[Opening DATA EXCERPTS section]
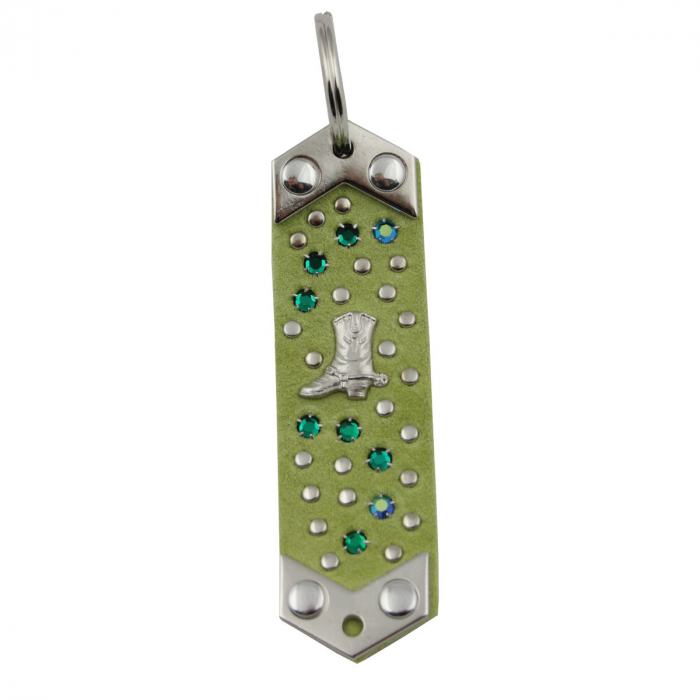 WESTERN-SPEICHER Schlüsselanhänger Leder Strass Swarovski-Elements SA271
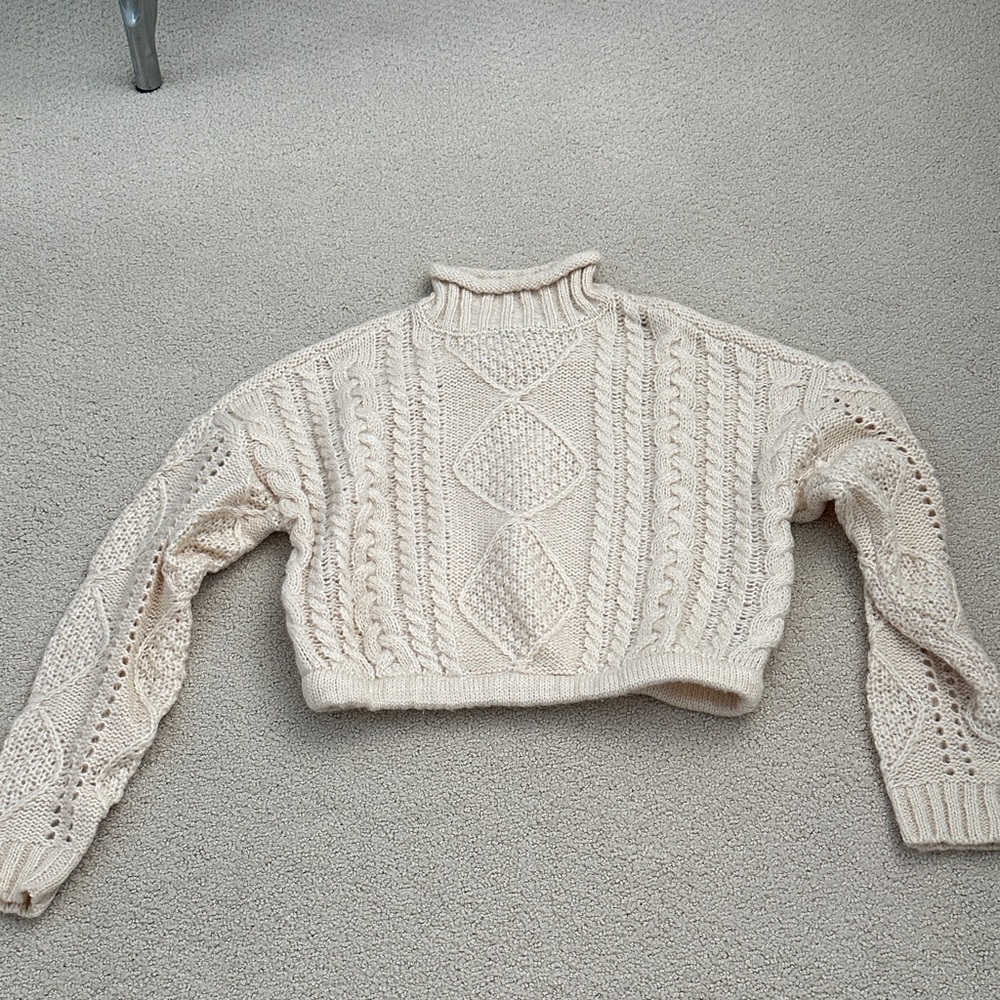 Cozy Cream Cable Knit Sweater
[Closing DATA EXCERPTS section]
[Opening DATA EXCERPTS section]
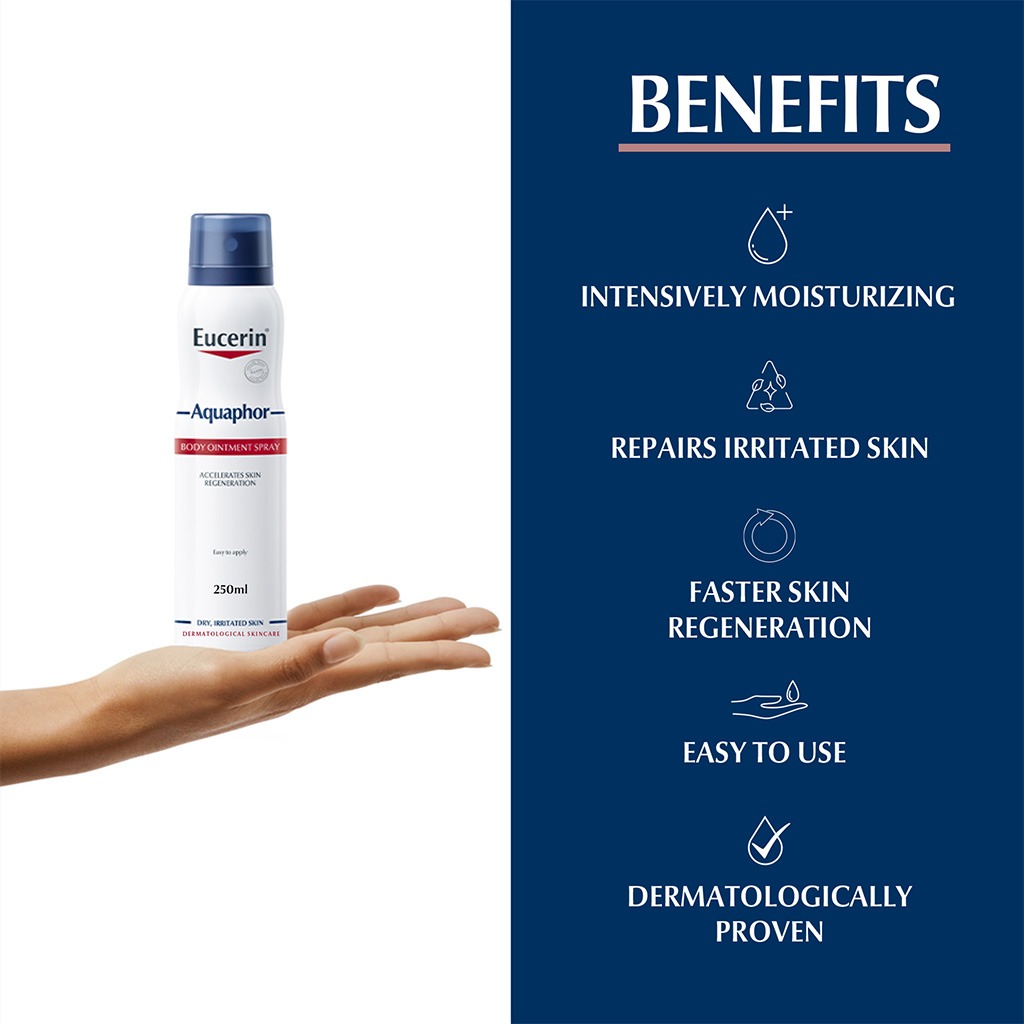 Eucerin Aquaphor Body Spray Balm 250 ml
[Closing DATA EXCERPTS section]
PROBLEM TO WORK ON:
Going by the entries above, repeat exactly the lines that start at the line with "WESTERN-SPEICHER Schlüsselanhänger Leder" and go on through the line with "Cozy Cream Cable Knit Sweater". Pictures are not part of the copy.

TASK SOLUTION:
 WESTERN-SPEICHER Schlüsselanhänger Leder Strass Swarovski-Elements SA271
 Cozy Cream Cable Knit Sweater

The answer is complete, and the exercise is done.